Note that, sometimes, a failure can't be resolved in a single response. For example, in our unresponsive node case, if it's a hardware failure, then rebooting will not help. In this case, a second line of response comes into play and maybe a new node is provisioned to replace the failed node. In this case, you can't be too generic and you may need to create tests for specific types of pod/role that were on the node (such as etcd, master, worker, database, and monitoring).
If you have high quality requirements, be prepared to spend much more time setting up the proper testing environments and the tests than even the production environment.

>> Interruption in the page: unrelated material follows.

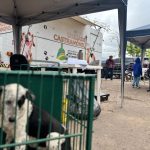 Castramóvel retoma atendimentos em Sant’Ana do Livramento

One last important point is to try to be as unintrusive as possible. That means that, ideally, your production system will not have testing features that allow shutting down parts of it or cause it to be configured to run at reduced capacity for testing. The reason is that it increases the attack surface of your system and it could be triggered by accident by mistakes in configuration. Ideally, you can control your testing environment without resorting to modifying the code or configuration that will be deployed in production. With Kubernetes, it is usually easy to inject pods and containers with custom test functionality that can interact with system components in the staging environment, but will never be deployed in production.
In this section, we looked at what it takes to actually have a reliable and highly available cluster, including etcd, the API server, the scheduler, and the controller manager. We considered best practices for protecting the cluster itself, as well as your data, and paid special attention to the issue of starting environments and testing.